Show that
$$\int_{-\infty}^\infty {{\cos(mx)}\over(x^2+a^2)(x^2+b^2)}dx={\pi(ae^{-mb}-be^{-ma})\over ab(a^2-b^2)}$$
where $a,b,m>0$ and $a$ is not equal to $b$.
I already know that $\int_{-\infty}^\infty {{1} \over(x^2+a^2)(x^2+b^2)}dx={\pi\over ab(a+b)}$.
I'm wondering if I can use this fact at all.
I'm not sure how to deal with the $\cos(mx)$ term.
Any solutions or help is greatly appreciated.

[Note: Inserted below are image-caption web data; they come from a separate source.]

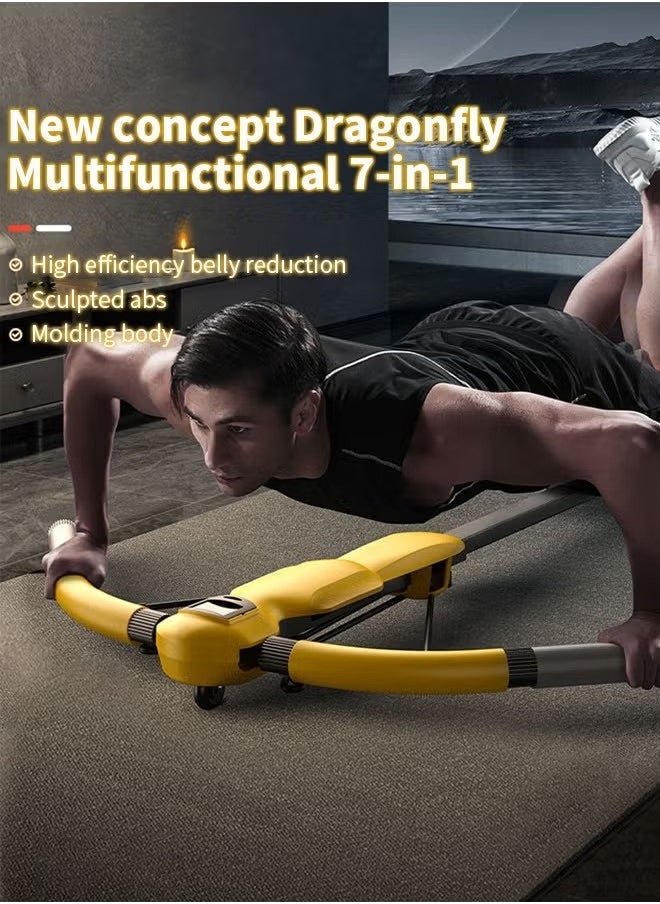 Indoor Household Automatic Rebound Lazy Abdominal Machine, Multi-Function Abdominal Curling Machine, 3-Speed Strength Adjustment, Calorie/Total Number/Time Display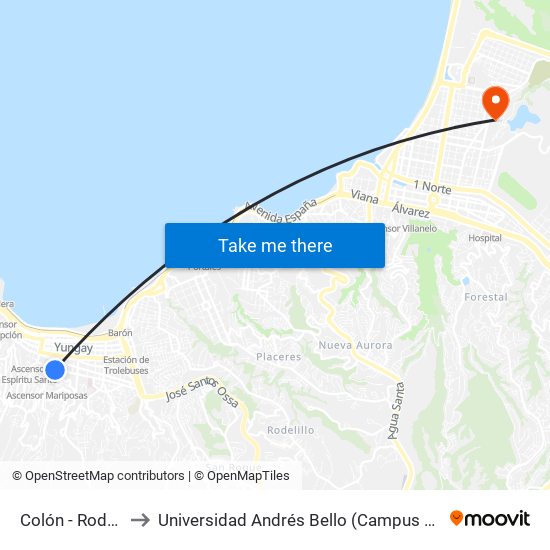 Colón - Rodríguez to Universidad Andrés Bello (Campus Viña Del Mar) map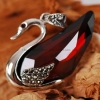 Thai Silver Garnet Swan Pendant Thai Tribal Pendant Thai Silver Garnet Swan Pendant Thai Tribal Pendant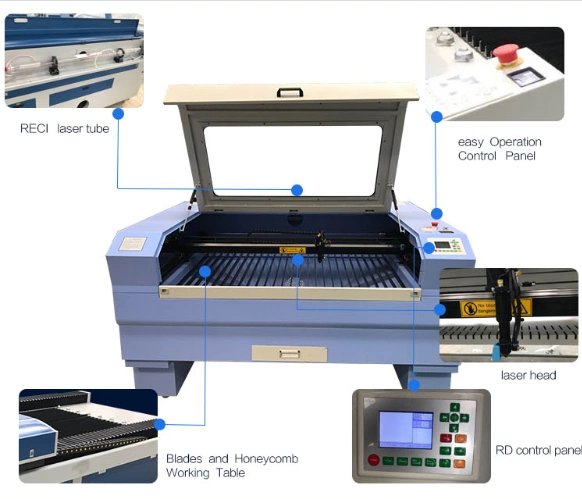 CO2 Laser Engraving Cutting Machine Laser Power 60W 80W 100W 130W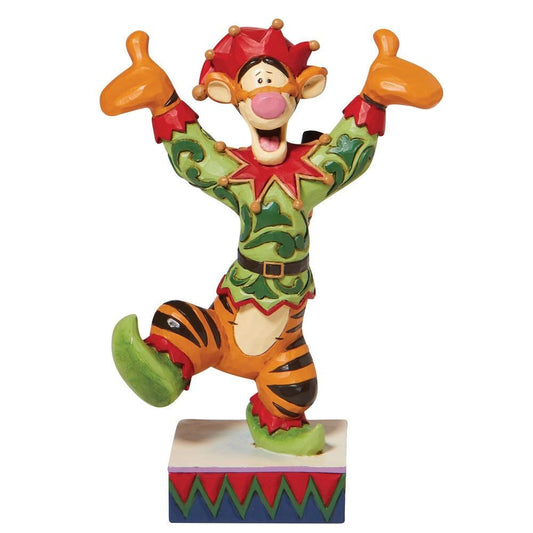 DISNEY TRADITIONS BY JIM SHORE TIGGER AS ELF PERSONALITY POSE 13CM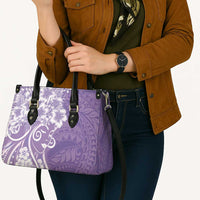 Polynesian Women's Day Leather Bag Purple Hibiscus Flowers With Polynesian Pattern LT05 - Polynesian Pride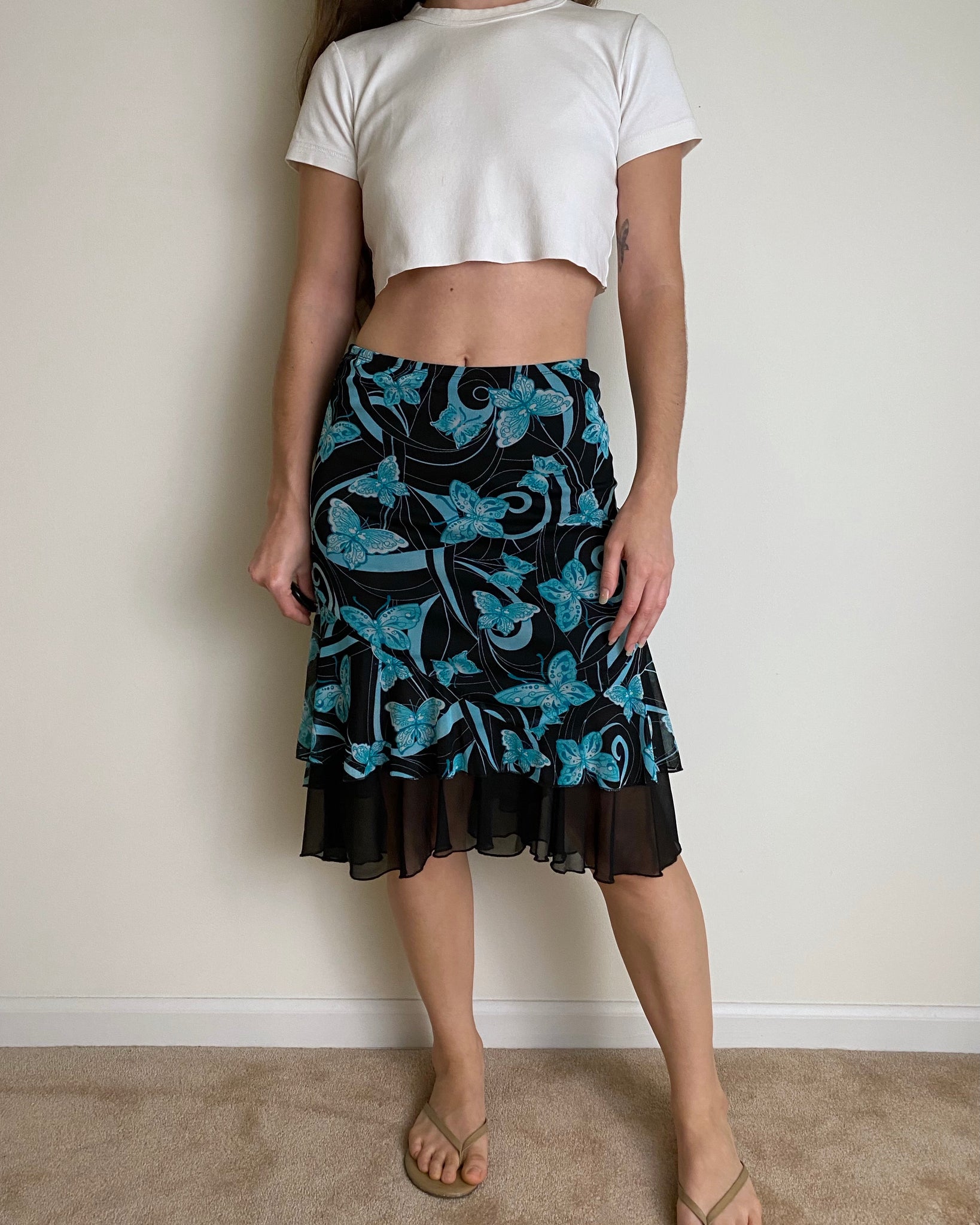 90s My Michelle Butterfly midi skirt (fits XS/S)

Hint. One may write, for $a^2\neq b^2$, $$ \int_{-\infty}^{+\infty}\frac{\cos(mx)\:dx}{\left(x^2+a^2\right)\left(x^2+b^2\right)}=\frac{-1}{\left(a^2-b^2\right)}\left(\int_{-\infty}^{+\infty}\frac{\cos(mx)}{\left(x^2+a^2\right)}\:dx-\int_{-\infty}^{+\infty}\frac{\cos(mx)}{\left(x^2+b^2\right)}\:dx\right) $$ then use the classic evaluation
$$ \int_{-\infty}^{+\infty}\frac{\cos(mx)}{x^2+a^2}dx=\frac{\pi}{a}\:e^{-a m},\quad a>0,\,m>0, $$
which is proved for example in the accepted answer here.